Well, whatever mixed motives I might have, Anne Lamott speaks to this in her book Bird By Bird:  Thoughts on Writing and Life. She writes with words that have the bite of conviction and the balm of healing—kind’ve like Bactine on a scraped knee.  And her thoughts apply to everyone who wants to go deeper into the experience of life—writer or no.

Lamott’s main emphasis is that whether we are writers or just “normal people”, we should learn to pay attention, and that life around us is always speaking, if we will just listen to it (97). By paying attention, we develop wonder and delight in the world.  She writes, “This is our goal as writers, I think; to help others have this sense of—please forgive me—wonder, of seeing things anew, things that can catch us off guard, that break in our small, bordered worlds” (100).

Ways that Lamott encourages writers to share that wonder include letter writing, or giving a piece of writing as a gift to someone else. In becoming writers and people who pay attention, she encourages her readers to be the kind of people who can perceive culture very closely and help better the world.

In contrast to this, she decries the writer who only wants to have fame and respect, and thinks he/she will finally be happy once he/she is published.

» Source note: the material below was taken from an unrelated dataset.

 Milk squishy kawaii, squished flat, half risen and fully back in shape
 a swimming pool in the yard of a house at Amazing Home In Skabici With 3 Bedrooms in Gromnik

Lamott’s position is summarized and illustrated beautifully in a line she takes from the movie Cool Runnings. The men on an Olympic sledding team are desperate to win a gold medal. Lamott writes, “‘But the coach says, “if you are not enough before the gold medal, you won’t be enough with it.’ You may want to tape this to the wall near your desk” (218).

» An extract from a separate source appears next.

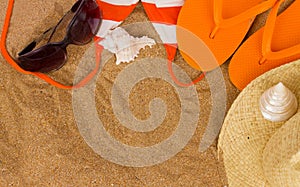 Orange sandals and sunbathing accessories at sand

In a way, Bird by Bird is almost a cultural commentary and critique of the contemporary definition of success. It addresses people’s obsession with writing as a means to the end of publishing, rather than the noble enterprise of writing itself. It emphasizes writing’s cathartic effects on the heart and soul, and the potential it has for bettering the lives of the people around us. It is semi-autobiographical, like Writing Down the Bones by Natalie Goldberg or The Faith of the Writer by Joyce Carol Oates. It has the professional insight of On Writing Well by William Zinsser, the wit and humor of Mark Twain, and the verbal color and pizazz of Ray Bradbury.

Lamott teaches college-level classes on writing, but her prose is accessible and approachable for everyone, regardless of education or background. There is also something both eternally-minded and yet earthy about this book. Anne Lamott is a professing Christian (albeit not entirely orthodox) who is a single mom. Her spiritual memoir Traveling Mercies reflects the divinity and the humanity of the Son of God himself. These qualities find their way into Bird By Bird. At times, her words seem almost Scriptural in their depth: “what your giving [through writing] can do is to help your readers be braver, be better than they are, be open to the world again” (206). Yet Lamott always finds a way to get us laughing and thinking at the same time. In addressing the kinds of mean-spirited people who are overly critical of other’s writing, she asks, “why waste what little time you may have left with such scum?” Then she adds, tongue firmly in cheek, “I worry that Jesus drinks himself to sleep when he hears me talk like this” (170).

I don’t know about that.  But I do know that any human being who wants to be a better writer and person will laugh and cry and be improved and challenged and thoroughly enjoy what they read in Bird by Bird.  Whether you live to write or write very little as you live, I strongly recommend you read this book and apply its thoughts to your life.